As soon as the organ transplant industry was born, there was a need for organ resources. It is estimated that organ trade, mostly illegal, is worth billions of dollars each year. Journalist Scott Carney studied and wrote a book on the black market, which trades human body parts. In his research, he revealed that after a historic tsunami in 2004, a village in India called Kidneyvakkam, also known as a kidney donor village, appeared. Here the victims of the tsunami because of existence had to sell their kidneys. Many people here have scarring in the abdomen, a trace of a kidney surgery. Carney, the journalist, questioned the source of organs from poor people selling kidneys to serve the rich as the most unethical, unethical market.
Entangled with religion
Religion has been a major obstacle to organ transplant science, since different religions have different beliefs and beliefs for those who have died. For many religions is the insult of the dead of the dead, those who agree to donate their loved ones feel guilty to the dead and ancestors. Buddhism has a notion of death .
In Iran most organ transplants are taken from survivors by Muslims who conceive of not insulting the dead. While Catholics or Catholics readily accept organ harvesting and transplantation, Jews have a completely different concept. For them, a human being is still considered to be alive when the heart is beating, even if the person is brain dead. Jews believe that death really happens only when the human heart stops beating. So if in the case of a heart transplant, the donor's heart will beat in the recipient's chest, this action is unacceptable. It committed moral problems.
The field always requires research
So far each year the world has recorded about 40,000 organ transplants.

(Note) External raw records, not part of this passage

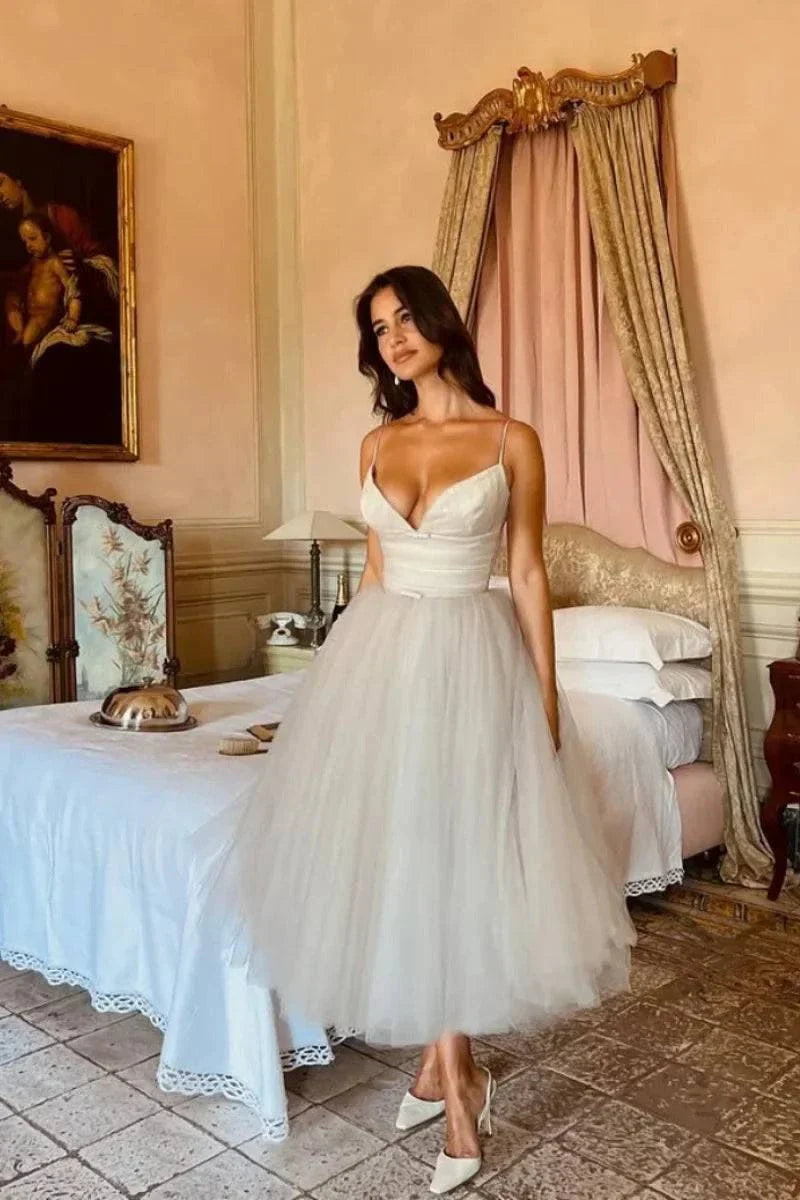 VougeVamp Sweetheart Tulle Prom Dress - White Sexy V-Neck Ankle-Length A-Line Evening Gown - VougeVampUK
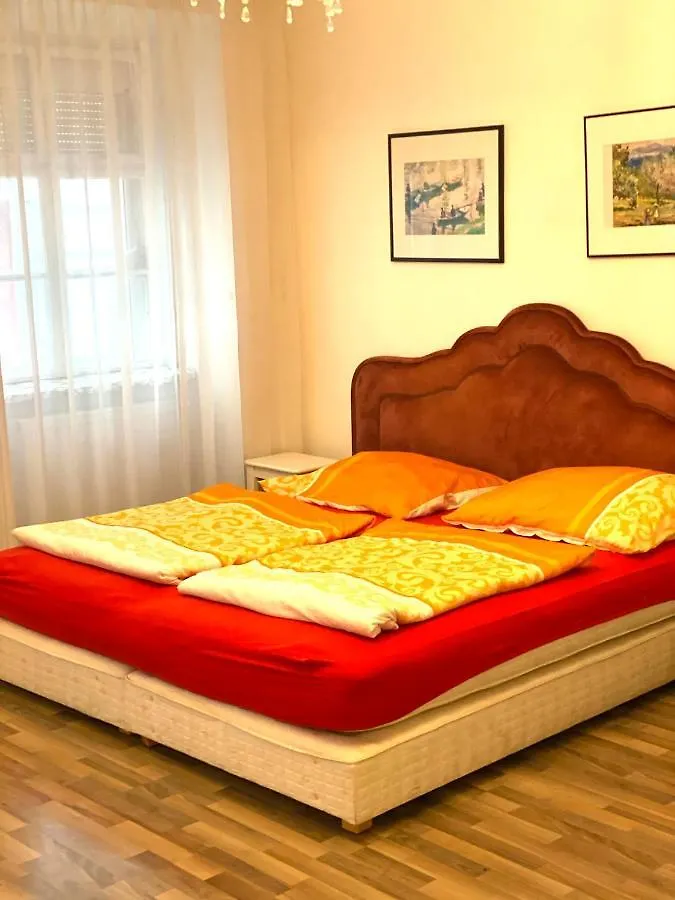 Apartment Opera Viena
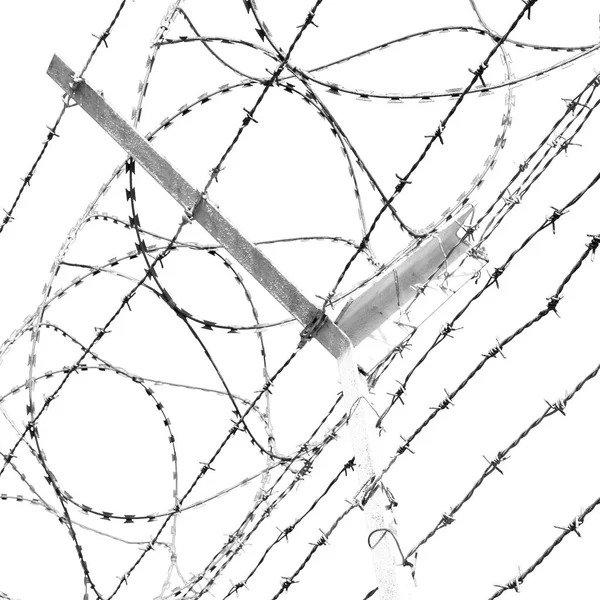 오만 barbwire 배경 및 흐린 하늘에서 — 스톡 사진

Organ transplants are a new field, always demanding in-depth studies of human biomedical and human. The first organ transplant was performed in 1954, which was a case of kidney transplantation. Soon after transplanting, the patient died. It was not until 30 years later, with the introduction of anti-rejection medication, that the treatment became a revolution in medicine. Its success has been awarded the Nobel Prize for medicine. To have today, it requires many surgeries, scientific and medical research projects on humans. So far each year the world has recorded about 40,000 organ transplants.
Do organ transplant recipients live?
There has been no statistical study on the life expectancy of patients who have performed organ transplants. But it can be affirmed that with the development of science and technology, live organ transplant patients for another 10-20 years are not too rare, they are being supported to live more and more.
In liver transplant patients, if successful, living after 5 years of transplantation is becoming popular in the world. For kidneys, scientists believe that living kidney transplants increase patients' lifespan. Heart transplant patients seem to live the least life compared to other organs such as kidneys, liver .
With the development of organ transplant science, scientists believe that in the near future, the average life expectancy of patients after transplantation will not be inferior to the average person.
Hope to source organs from 3D printers
The emergence of 3-D printers is becoming a new revolution in medicine. One can create any 3-D object with just one printer, including parts of the body. There have been many successful transplants thanks to 3-D printers such as replacement of ear, cartilage, bladder, and uterus models. Now scientists are still studying with the hope of producing a Real internal organs like biological kidneys from 3-D printers. They expect to take another 15-20 years to produce the world's first biological kidney.